I draw a big breath. Pitying this poor bloke who is about to cop a good 20 minute serve of statistics and studies instead of a shift.

He doesn't know anything about me except that I have an unfortunate taste for Jägerbomb and I know most of the words to Wagon Wheel.

His vote would count as much as mine – if I had one – but I would be dealing with the outcome. It’s not anyone’s fault. Only one of us owns a uterus.

So I ask a question instead.

“If I came home with you and I got pregnant, would you make me have a baby that I didn’t want?”

“No.”

“So what happens?”

He pauses.

“I don’t know.”

‘I don’t know’

His answer is the reason I came back to Ireland after my Women’s Rights party piece at the Rose of Tralee festival in August 2016.

It’s the “I don’t know” dilemma. The murky middle between “I don’t like abortion” and “It’s wrong to force women to have babies when they don’t want to or can’t”. That gap looks like making abortion illegal, but not making it illegal to travel for one. The problem is offshored. Someone else’s issue. We shrug and turn away.

We leave it to mainly women to deal with. Quietly. Not causing a fuss. In my experience, Irish women are exceptionally good at just “getting up and getting on with” whatever life hits them with. This is a sad use of that gift.

Some of the best getting-up-and-getting-on-with-it-ers I know are Rose of Tralee entrants. Yes, Roses have abortions too. A tiara doesn’t make you immune to a crisis pregnancy.

Since I called for a referendum in a tent in a Kerry car park, women have told me their abortion stories. Some I’ve known for years, some I’ve never met. The Roses who have had terminations come from all over. From Postcard Irish counties to conservative US states. Some had their abortions before becoming Roses; some after; one during.

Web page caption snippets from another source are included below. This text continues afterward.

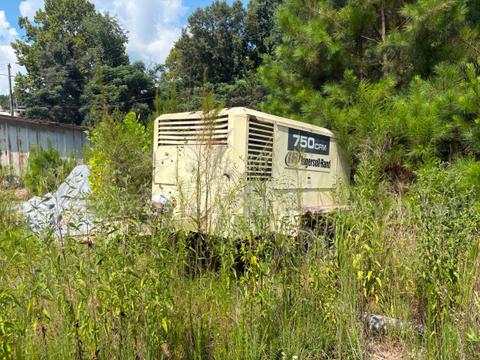 Ingersoll-Rand 750 CFM  T/A Portable Air Compressor-Inoperable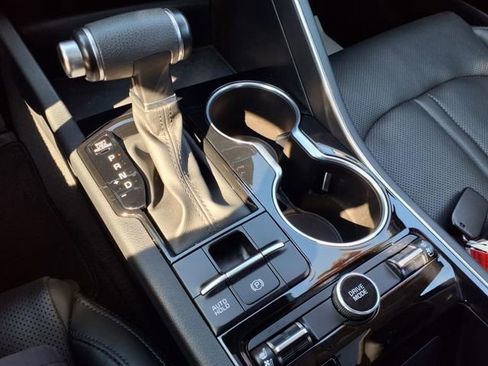 Used 2023 Kia K5 EX image 16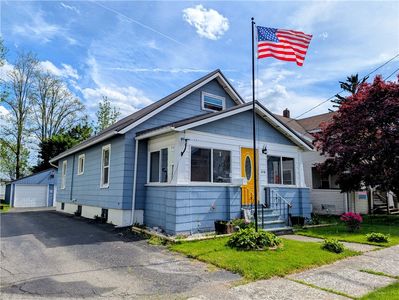 418 Phoenix Ave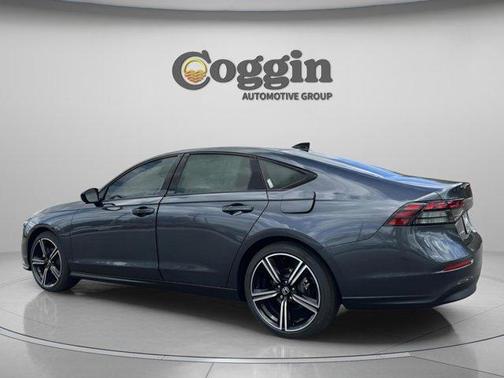 Meteorite Gray Metallic 2026 Honda Accord SE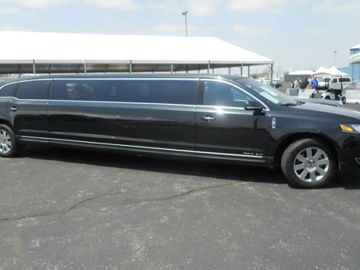 Lincoln MKT "Super-Stretch", 2013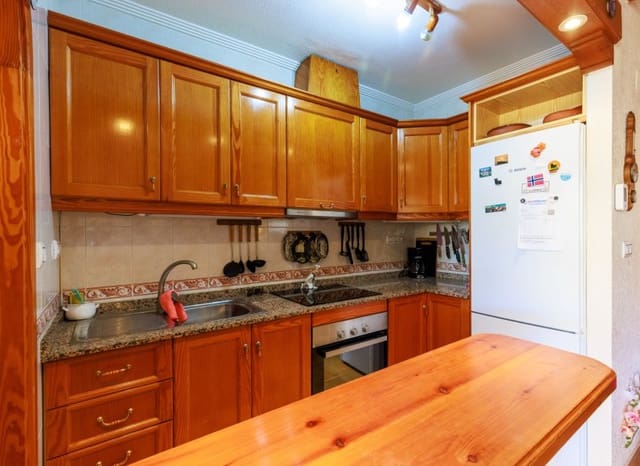 2 quarto Bungalow para venda em Villamartin, Orihuela com piscina garagem - 145 000 € (Ref: 10060983)
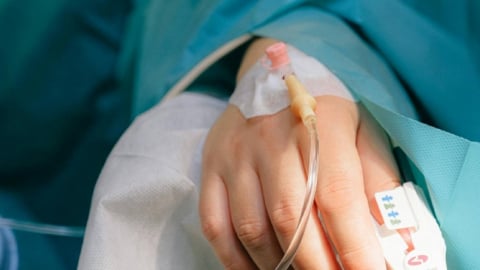 Trung Quốc bùng phát dịch COVID-19 trở lại, chuyên gia cảnh báo đỉnh dịch
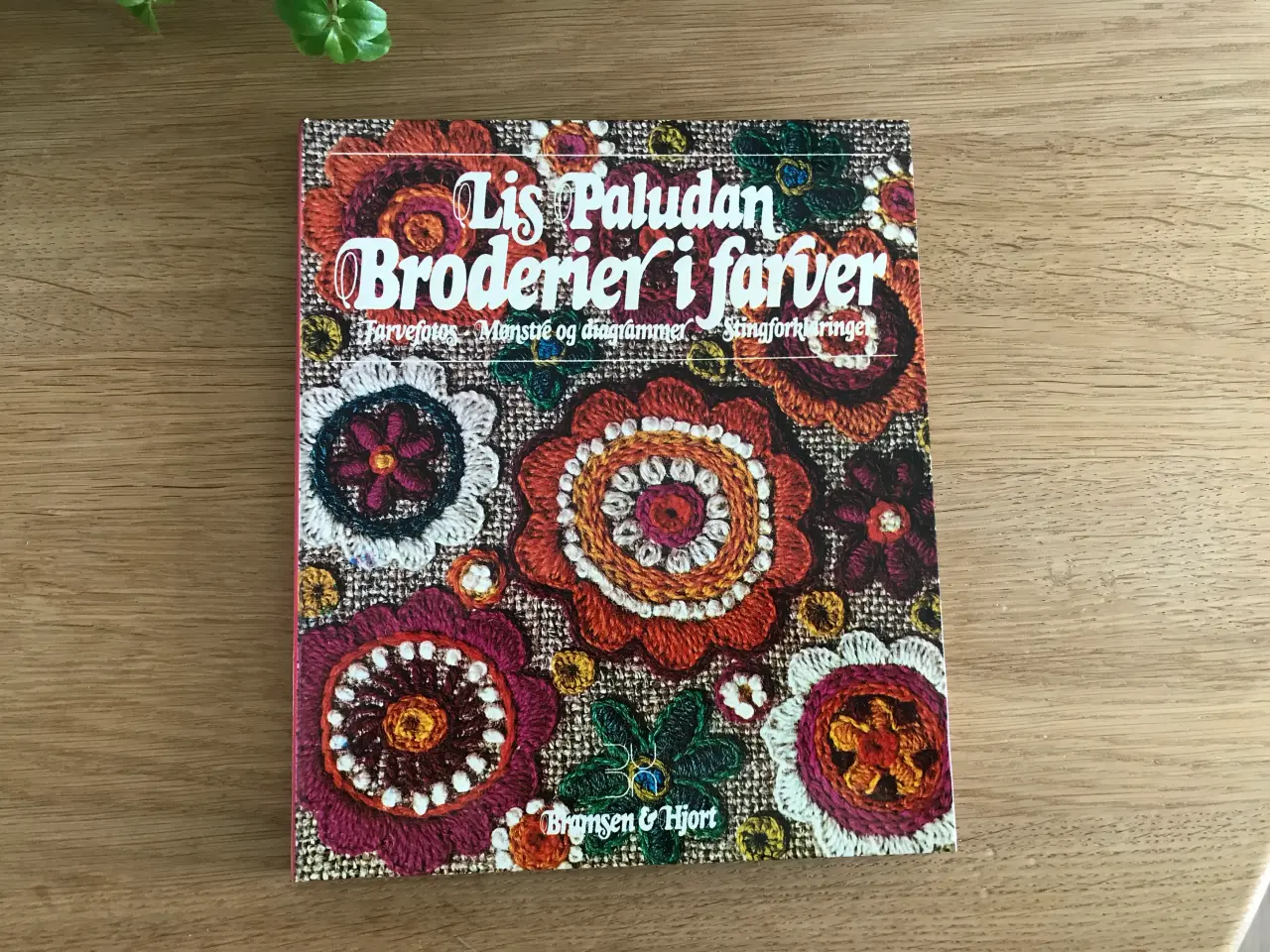 Billede 1 - Broderi i farver af Lis Paludan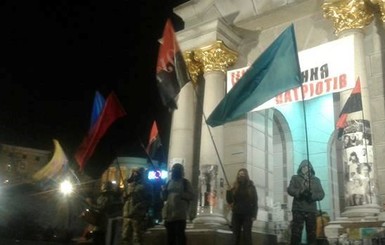 Радикалы снова вышли на Майдан и собираются идти на Банковую
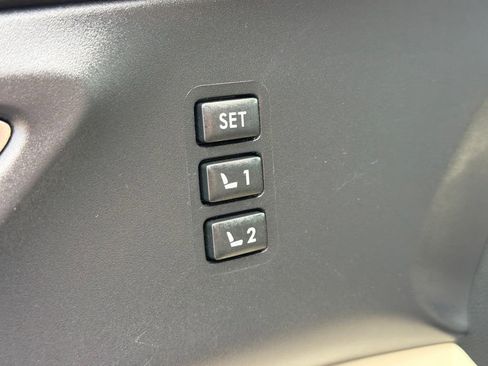 Used 2019 Subaru Ascent Limited AWD/4WD image 21
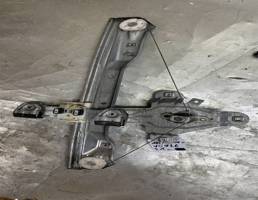 Стеклоподъемник механ. задний левый для Opel Meriva B 2010-  запчасти бу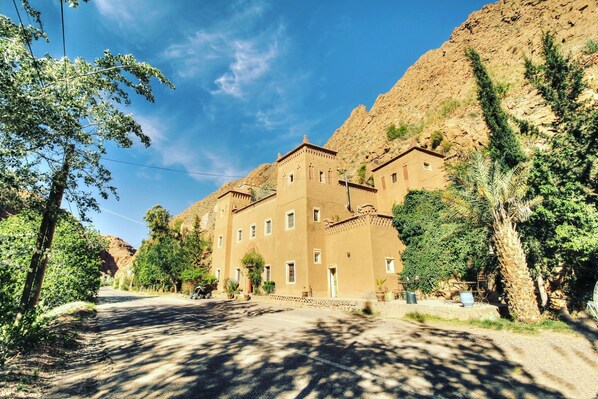 Garden - Auberge La fibule du dades (Ait Sedrate Jbel El Soufla)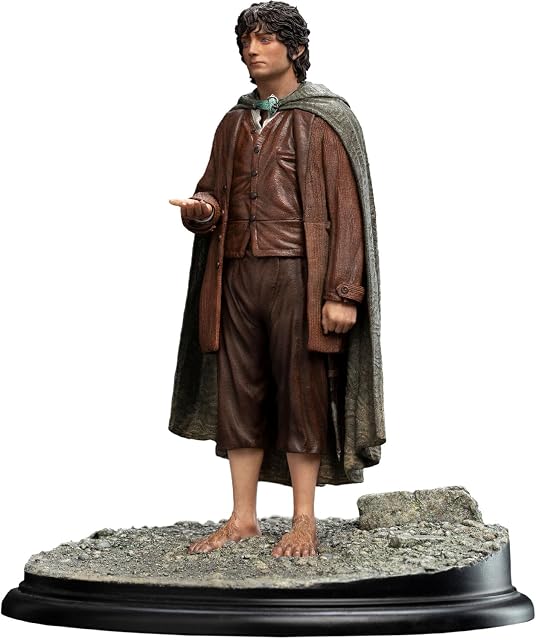 Foto 6 de 8 de Weta Workshop El Señor de los Anillos Estatuilla 1/6 Frodo Baggins, Ringbearer 24 cm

Some have gone on to have children when they were ready to. Some wanted to say something when I did, and apologised that they didn’t. They felt they couldn’t talk about it at the time, still can’t, maybe never will publicly. They are right to be cautious.

I can tell you the consequences of talking about the issue of abortion at the Rose of Tralee were hard and fast. At one end of the spectrum it was being called ugly, and at the other it involved graphic details of how I would be raped. I don’t want to think about what the consequences would have been for talking about actually having one.

Benevolent dictators

My mother and my grandmother carried the scared tradition of “getting up and getting on with it” to Australia. Because I was raised by these benevolent dictators, I grew up thinking that to be an Irish woman is to be tough. To be able to put up with a lot. When I was in my peak “teenage s**thead” stage I clashed with my parents, particularly my mum.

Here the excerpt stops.